In order to give people better access to benefits and to increase our operational efficiencies, paying everyone on a monthly basis while still allowing more frequent access to their pay would be the ideal solution. 

We have been looking at salary advance products that would help us to do this, and we have been speaking to our new payroll provider, which is also moving into the salary advance space. A final consideration is how we can roll this out on a global basis. 

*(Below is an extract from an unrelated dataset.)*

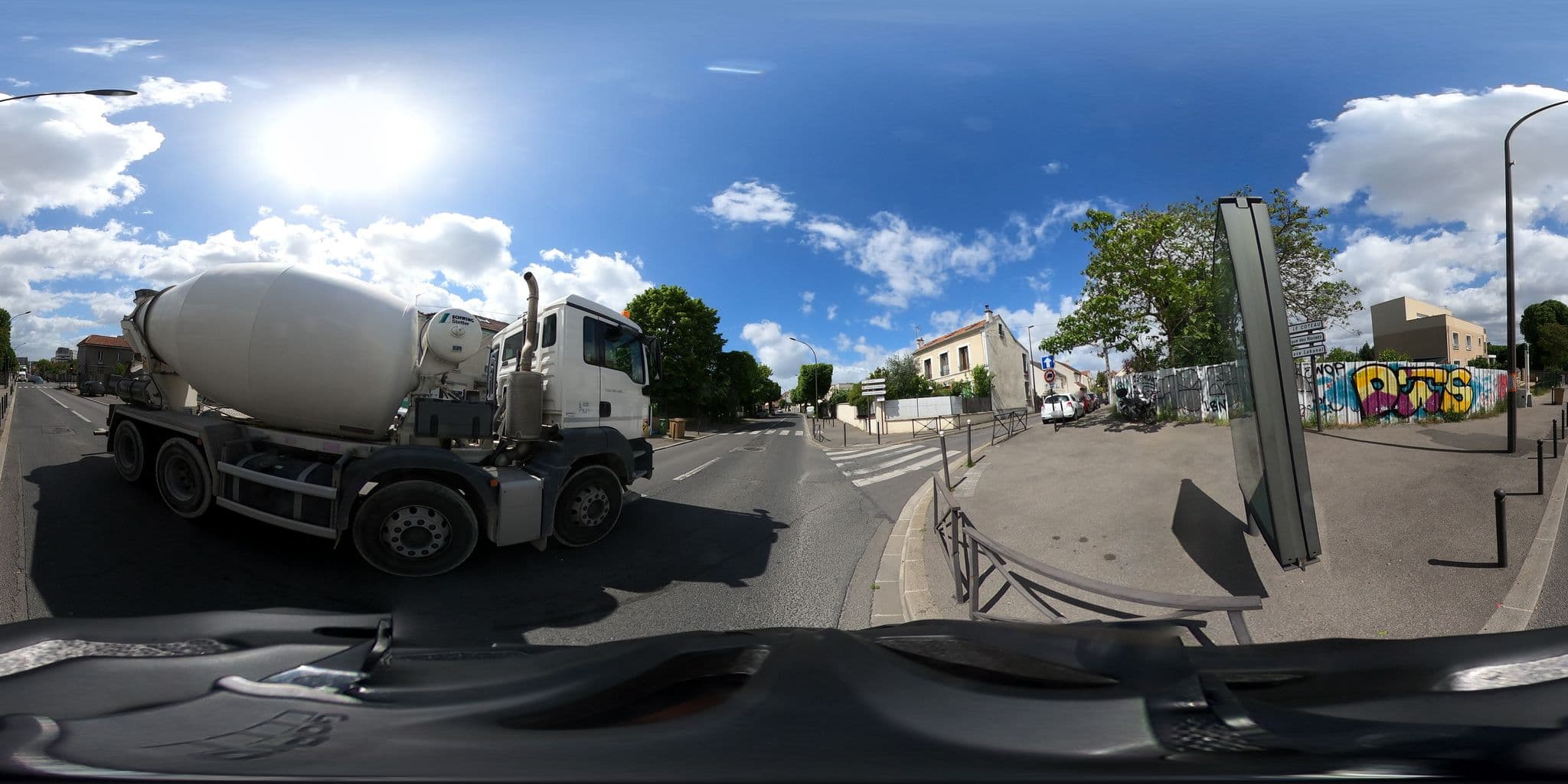 Street view near Le Toryma, Vitry-sur-Seine — © zorglubu (CC BY-SA · Mapillary)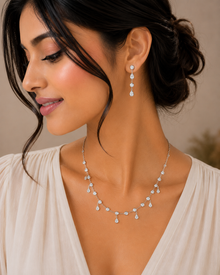 Silver Elira Necklace in Flowing Sparkle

Day-to-day financial advice 

We also must take account of what employees want and need. During the pandemic, there was a big focus on physical and mental wellbeing, but it also allowed people to reflect and to save. Now people are coming back into work, back into spending and socialising, and this puts financial pressures back on, and brings a renewed focus on financial education. 

Like many organisations, we focus heavily on pension education and offer one-to-one pension consultations, but the one thing employees bring up time and again is that they want the equivalent from a financial perspective. So, we are having to think about how we create an equivalent to our pension surgery that we can run to help people with their day-to-day finances. 

I believe this is something that will become crucial in the months ahead, as people continue to feel the pinch of the cost-of-living crisis. Hopefully, we can help to support people’s financial wellbeing rather than just giving them more money, because that, inevitably, will just prolong inflation.